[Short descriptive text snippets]
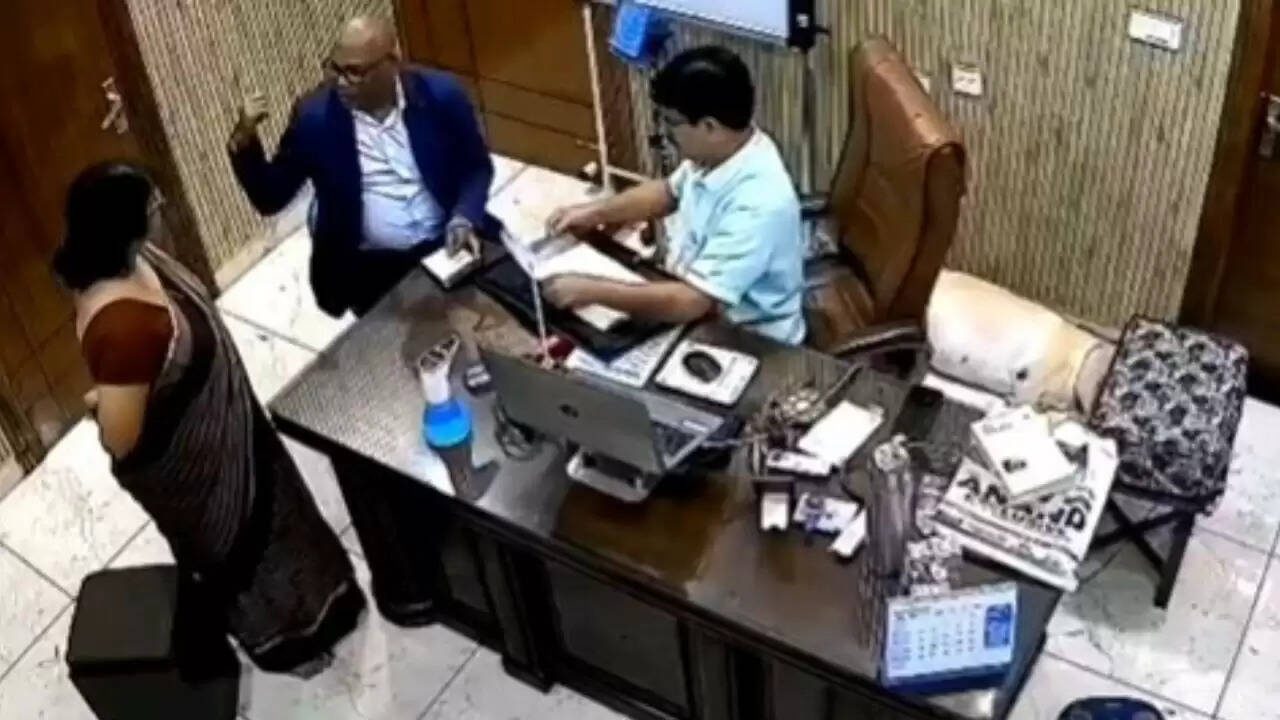 किच्छा में नकली सीबीआई अधिकारी की दहशत, डॉक्टर दंपति को किया बंधक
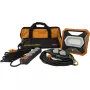 Set de herramientas Brennenstuhl Profi 9171990000 con bolsa – kit profesional de herramienta manual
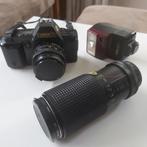 fototoestel, Audio, Tv en Foto, Fotocamera's Analoog, Ophalen of Verzenden, Gebruikt, Spiegelreflex, Canon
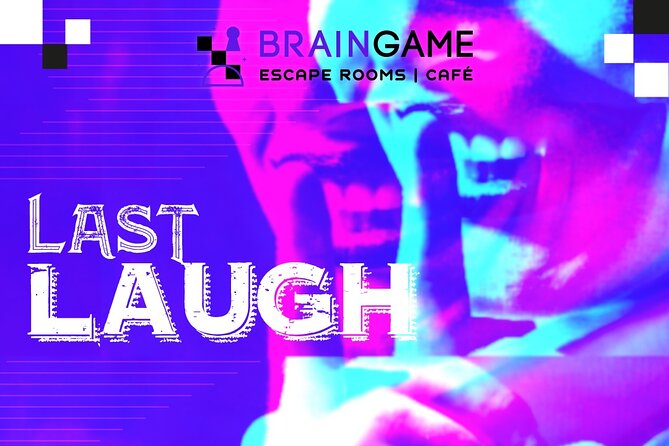Brain Game 60min Escape Experience - Choosing the right room for your group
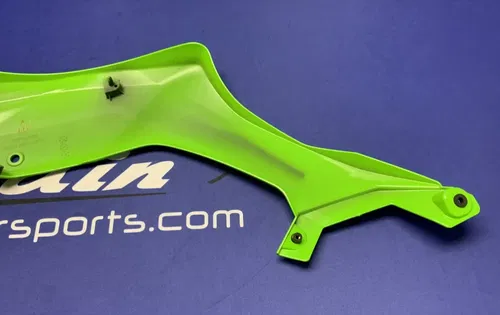 Kawasaki Right Upper Fairing (40th Ann) ZX-10R/RR 2021-2025 OEM 55028-0760-777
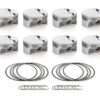 RACE TEC PISTONS GM LS FT Piston Set 4.005 Bore -3.3cc 1000603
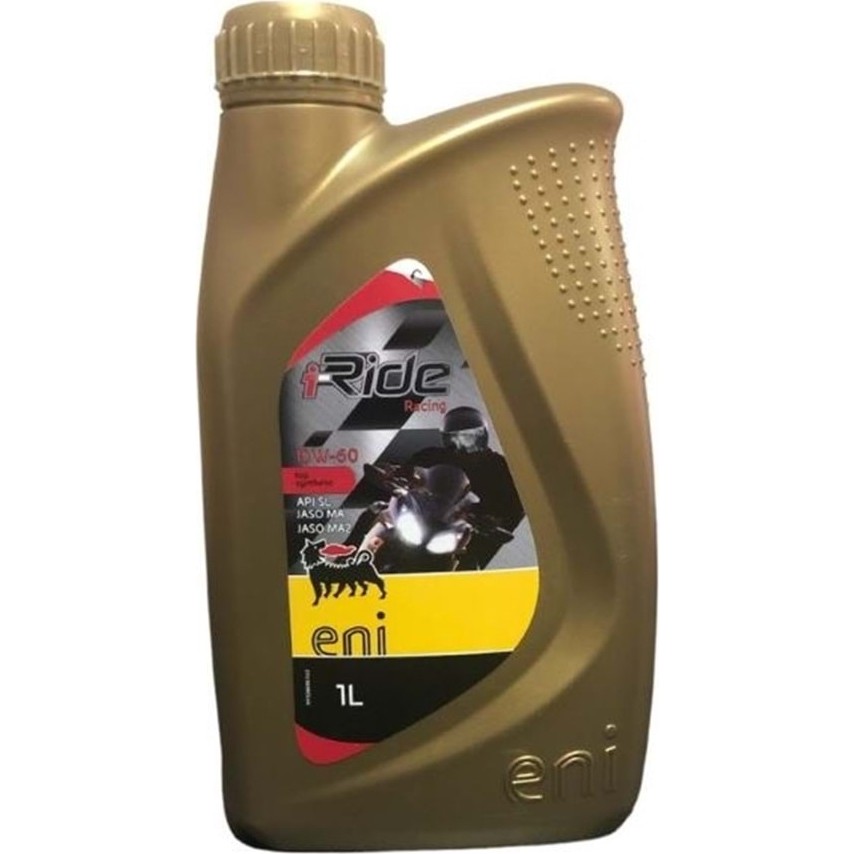 Eni I-Ride Moto 10W-60 1 Lt (Üretim YILI:2022) Diğer Fiyatı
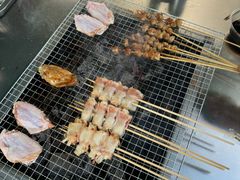 -小蜜蜂团建自助烧烤场(小洲村店)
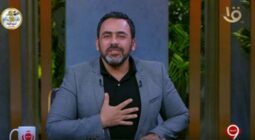إعلامي مصري شهير يعترف بحضوره إلى الاستديو رغم إصابته بكورونا -فيديو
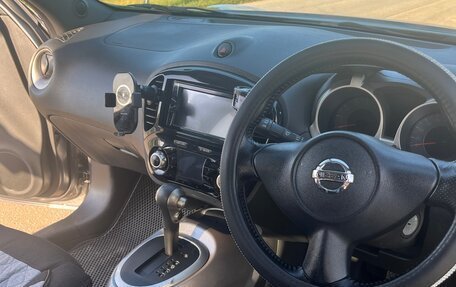 Nissan Juke II, 2010 год, 800 000 рублей, 22 фотография
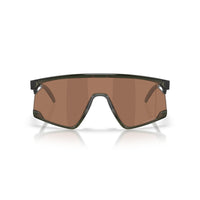Oakley BXTR Sunglasses - Olive Ink/Prizm Tungsten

**Exercise**
A word-for-word copy is required of the lines above from the line with "Brain Game 60min" through the last line of the data; no other lines and no pictures belong in it.

**Exercise answer**
Brain Game 60min Escape Experience - Choosing the right room for your group
 Kawasaki Right Upper Fairing (40th Ann) ZX-10R/RR 2021-2025 OEM 55028-0760-777
 RACE TEC PISTONS GM LS FT Piston Set 4.005 Bore -3.3cc 1000603
 Eni I-Ride Moto 10W-60 1 Lt (Üretim YILI:2022) Diğer Fiyatı
 -小蜜蜂团建自助烧烤场(小洲村店)
إعلامي مصري شهير يعترف بحضوره إلى الاستديو رغم إصابته بكورونا -فيديو
 Nissan Juke II, 2010 год, 800 000 рублей, 22 фотография
Oakley BXTR Sunglasses - Olive Ink/Prizm Tungsten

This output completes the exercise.